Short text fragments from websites

==*==

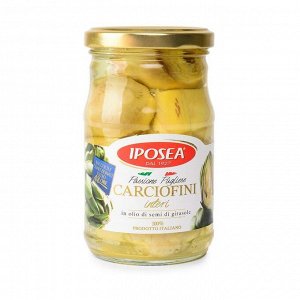 Артишоки целые в масле IPOSEA ст/б 1/290гр/314мл 1/12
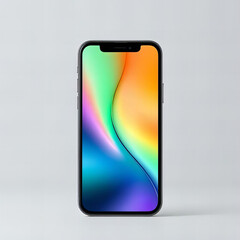 Modern smartphone with vibrant colorful gradient screen display on a minimalist light gray background
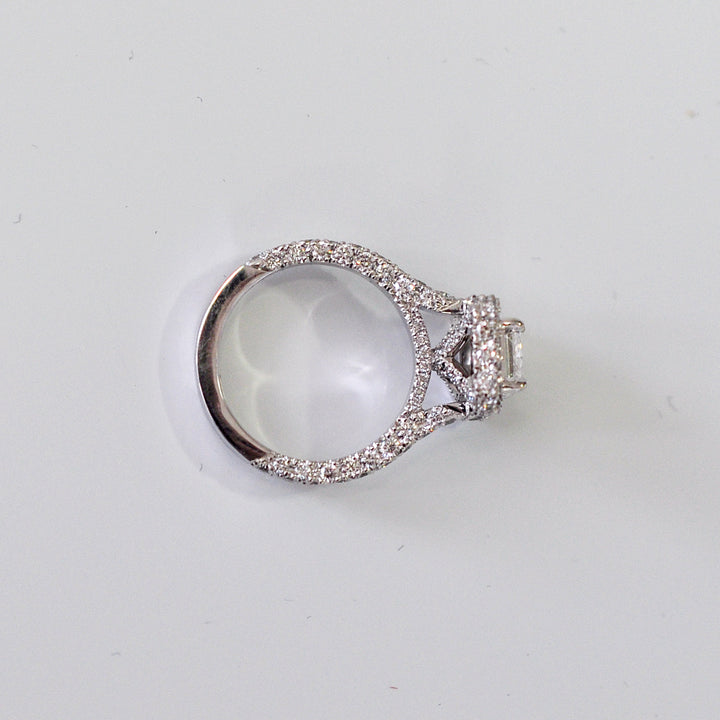radiant cut diamond (1.5ct) halo engagement Ring
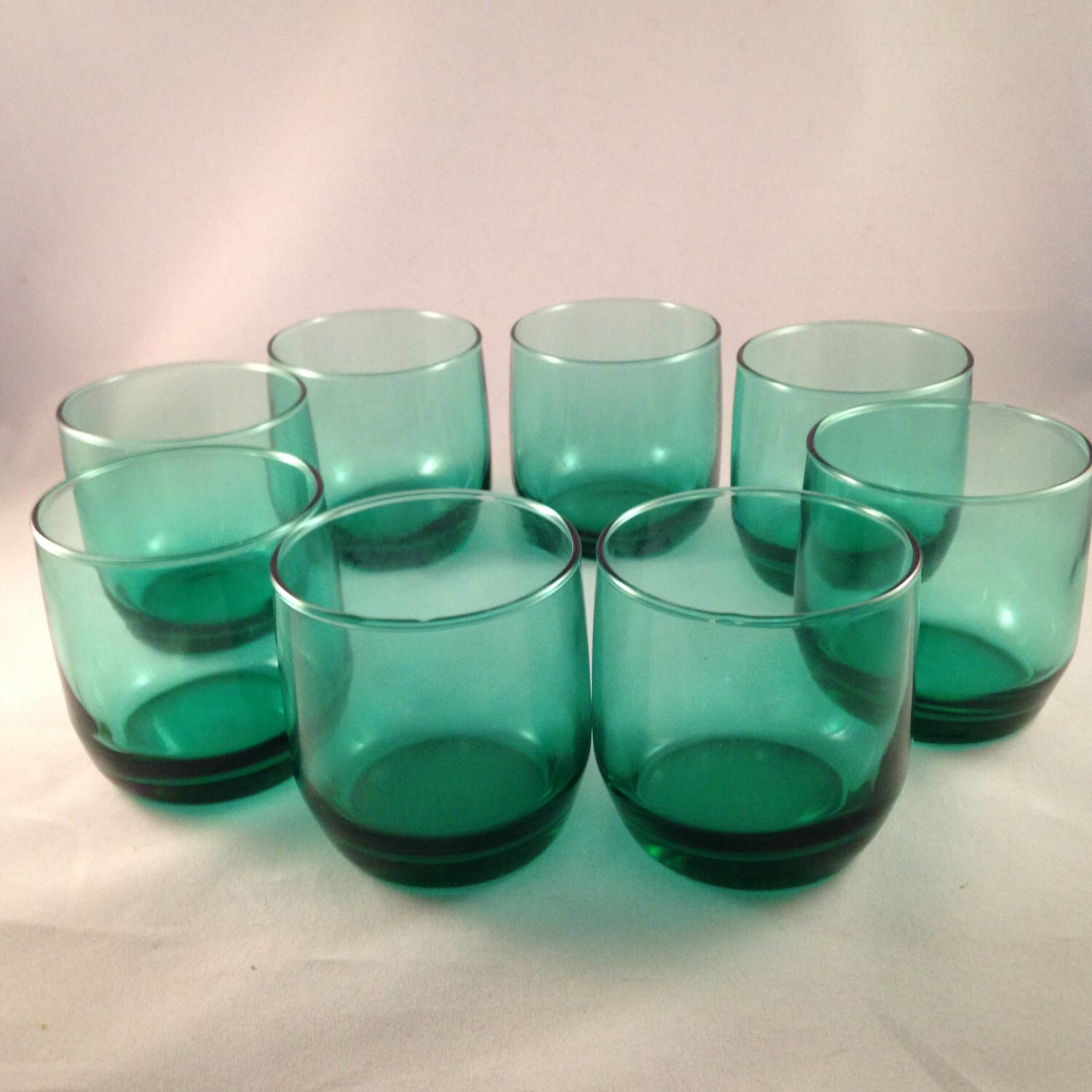Vintage Anchor Hocking Teal Juice Glasses Set of 8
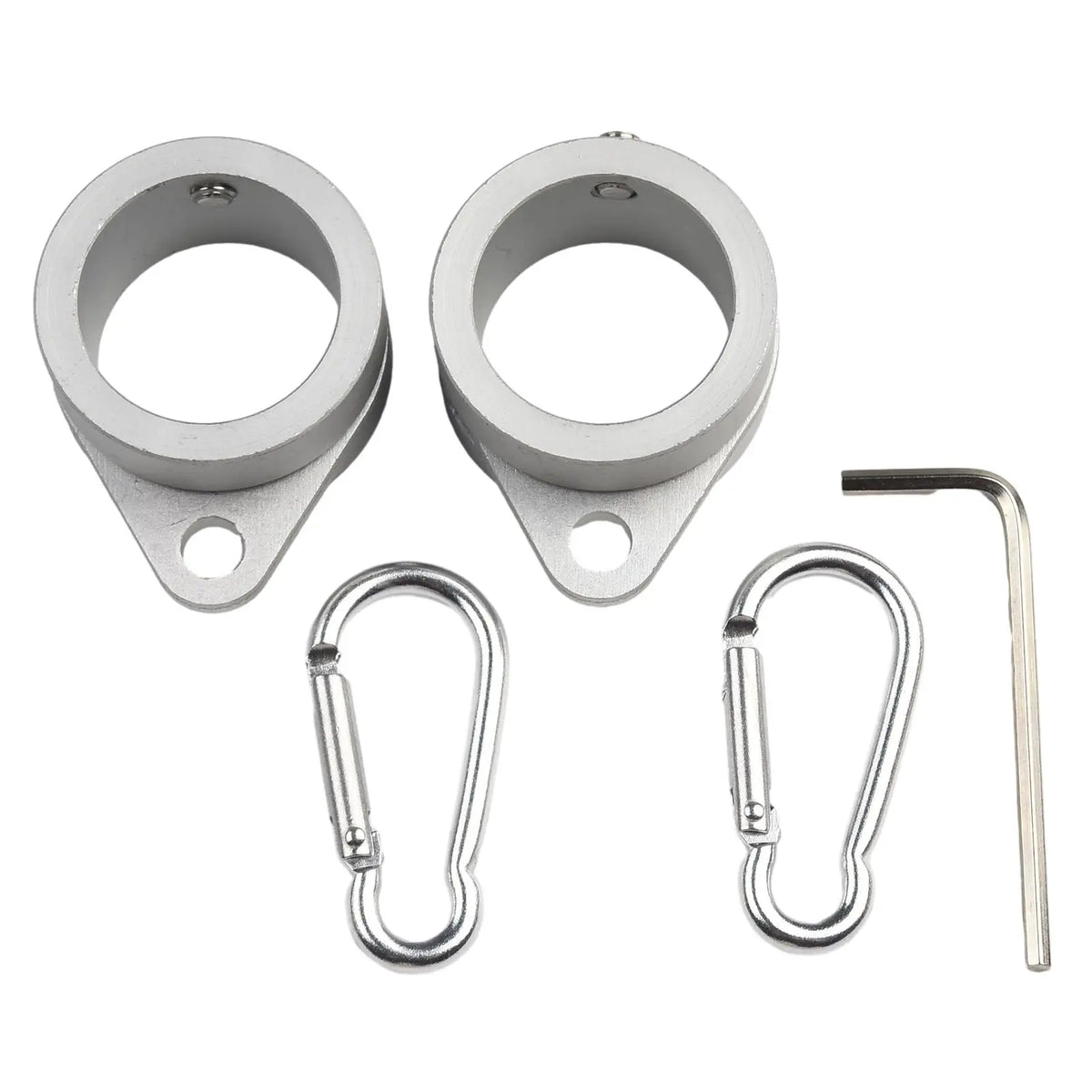 2-Piece Aluminum Flagpole Rings - 360° Rotating Anti-Wrap Flag Mounts with Carabiners for 0.75–1.02 Inch Poles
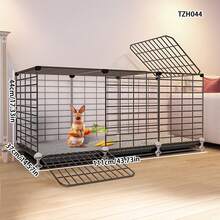 Detachable & Modular Pet Rabbit Cage With Tray, Easy To Clean, Suitable For Rabbits, Guinea Pigs And Other Small Pets - Multicolor - View 11
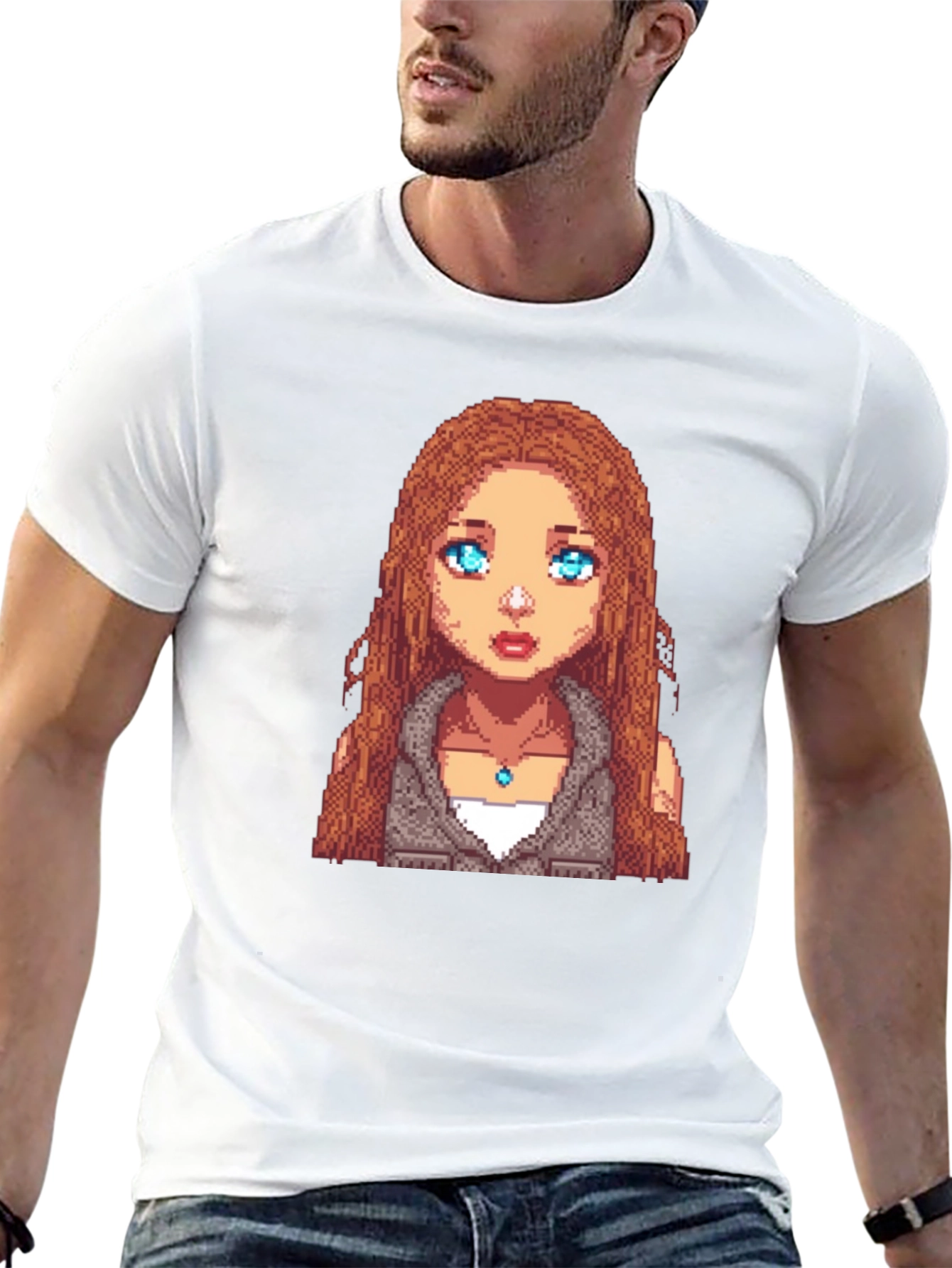 Pixel Art Girl Graphic Tee - Unisex Black T-Shirt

==*==

ASSIGNMENT: Leaving out every picture, repeat exactly the lines of the records from the start through the line that has "Vintage Anchor Hocking".

ANSWER TO THIS PROBLEM:
 Артишоки целые в масле IPOSEA ст/б 1/290гр/314мл 1/12
 Modern smartphone with vibrant colorful gradient screen display on a minimalist light gray background
radiant cut diamond (1.5ct) halo engagement Ring
Vintage Anchor Hocking Teal Juice Glasses Set of 8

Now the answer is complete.